There's a big difference between you taking a nice intellectual Pascal's wager in the privacy and safety of your office and some cop taking that wager -- acting as prosecutor, judge, and jury -- and killing someone. Among other things, the cop's decision is an irreversible decision.
There is a nice thing about shoot-to-kill: it prevents pesky attorneys from arranging for DNA tests that could demonstrate that defendants are not guilty. This has freed all sorts of two-bit crooks from Death Row, so that they can drive unsafely and threaten Wojtek. It also denies us the visceral pleasure of hearing about bad guys being fried.
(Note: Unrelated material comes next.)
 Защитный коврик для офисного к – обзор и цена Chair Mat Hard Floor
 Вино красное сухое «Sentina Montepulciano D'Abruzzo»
> Assuming that one should act on the principle that one would want to become
> a universal norm, it is therefore, ethically justified to place a smaller
> risk on the perpetrator of that risk, than placing a larger risk on the
> innocent people or society at large. Stated differently, the interest of
> the public being put at risk should prevail over individual interests of the
> perpetrator of that risk. The opposite of that principle, individual
> interest of the perpetrator prevailing over public interest is, in fact, a
> variation on the capitalist theme of privatizing profits while socializing
> risks. Would you like that be the universal norm?
See above for my argument against this. The "universal norm" should include matters such as the incomplete information that the cops have when chasing alleged criminals and the alternatives to simply killing the latter. -- Jim Devine "I like work; it fascinates me. I can sit and look at it for hours." -- Jerome K. Jerome.